Composer Listing - Schubert Schubert

(b Vienna, 1797; d Vienna, 1828). Austrian composer. As a composer of songs he has no equal in fertility of melodic invention, but all his work is so graced with melody of the most seraphic kind that there was at one time a tendency to regard him as an ‘undisciplined’ composer for whom form meant little. How wrong a judgement this was can be realized simply by studying the great chamber works and late pianoforte sonatas alone. He ranks among the very greatest of composers in all forms except opera.

Composer Listing - Schumann Schumann

(b Zwickau, 1810; d Endenich, 1856). German composer, pianist, conductor, and critic.
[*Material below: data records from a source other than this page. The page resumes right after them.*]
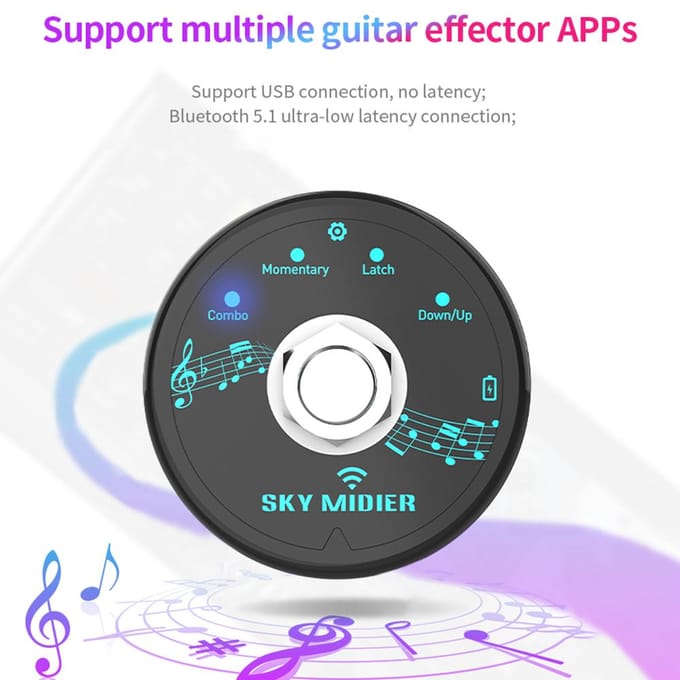BT MIDI-effectorpedaal Mini MIDI-controller Software-effectorcontroller USB MIDI-controller 5x5x3cm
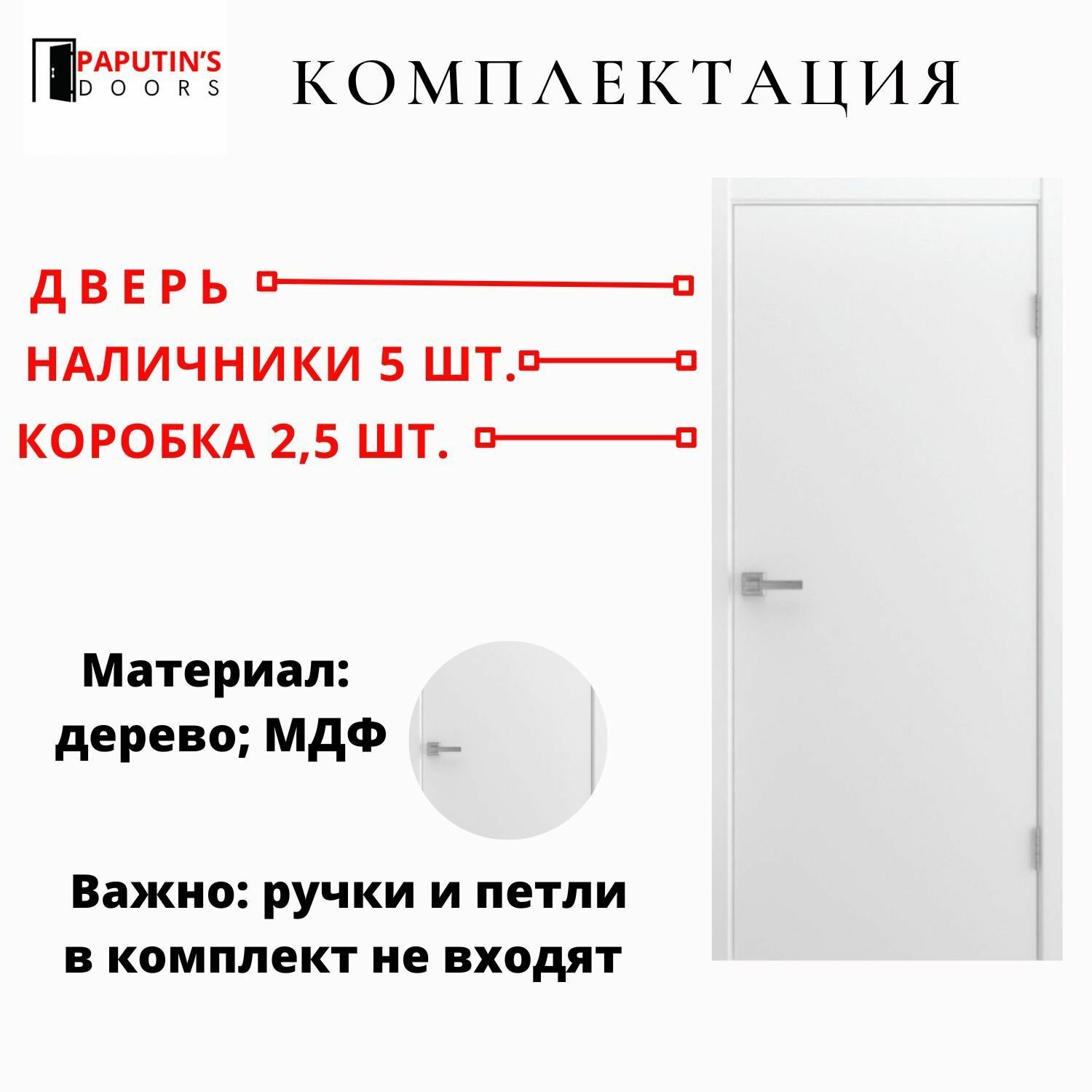 Дверь межкомнатная Z Глухая Эмаль Paputin's Doors 900 х 2000 мм Комплект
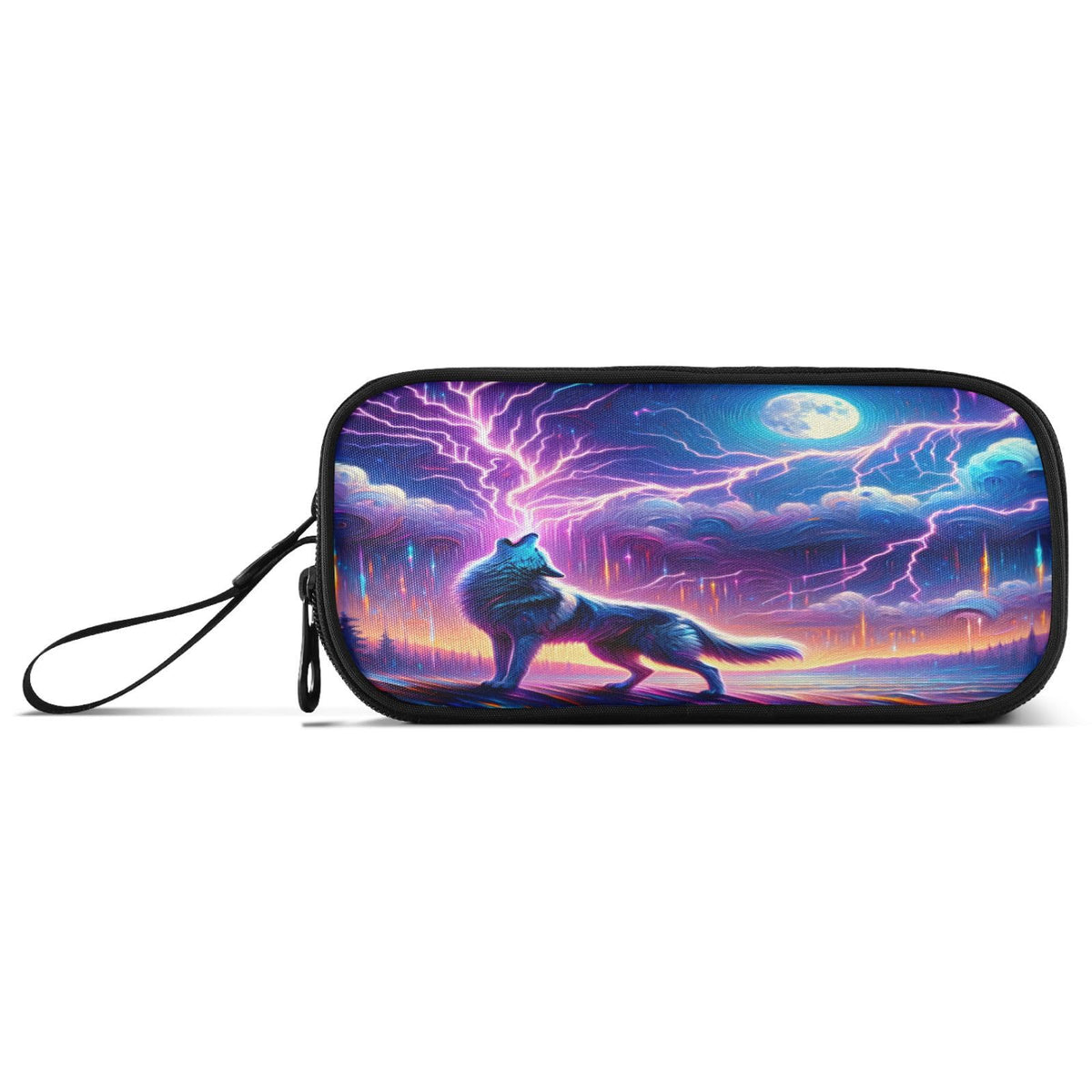 Wolf Howling Moon Lightning Pencil Case Box Boys Girls Large Pencil Pouch with Zipper Compartments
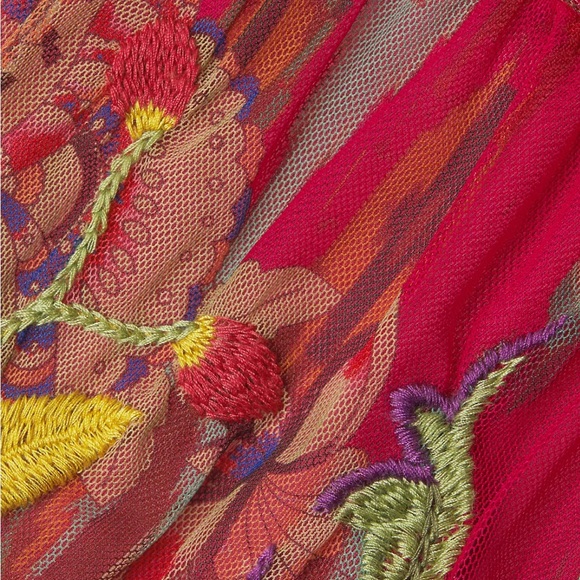 Johnny Was Feather Lark Floral Tieneck Blouse L NWT - Picture 9 of 11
Schumann was one of the greatest composers for pianoforte, enriching its literature with a series of poetic works in which classical structure and Romantic expression are combined. His vocal and chamber music is of comparable quality, with the freshness, vitality, and lyricism which also characterize the orchestral works.

Composer Listing - Shostakovich Shostakovich

(b St Petersburg, 1906; d Moscow, 1975). Russian composer and pianist. Many consider that Shostakovich is the greatest 20th-century composer. He demonstrated mastery of the largest and most challenging forms with music of great emotional power and technical invention. All his works are marked by emotional extremes—tragic intensity, grotesque and bizarre wit, humour, parody, and savage sarcasm.

Composer Listing - Tchaikovsky Tchaikovsky

(b Votkinsk, 1840; d St Petersburg, 1893). Russian composer and conductor. Few composers are more popular with audiences than Tchaikovsky; the reasons are several and understandable. His music is extremely tuneful, luxuriously and colourfully scored, and filled with emotional fervour directed to the heart rather than to the head.

Composer Listing - Vivaldi Vivaldi

(b Venice, 1678; d Vienna, 1741). Italian composer and violinist. No composer did more to establish the cello as a solo instrument, and he displayed a keen interest in the use of unusual instruments: it is the infinite variety and invention of his work that has made it so beloved 300 years after his birth.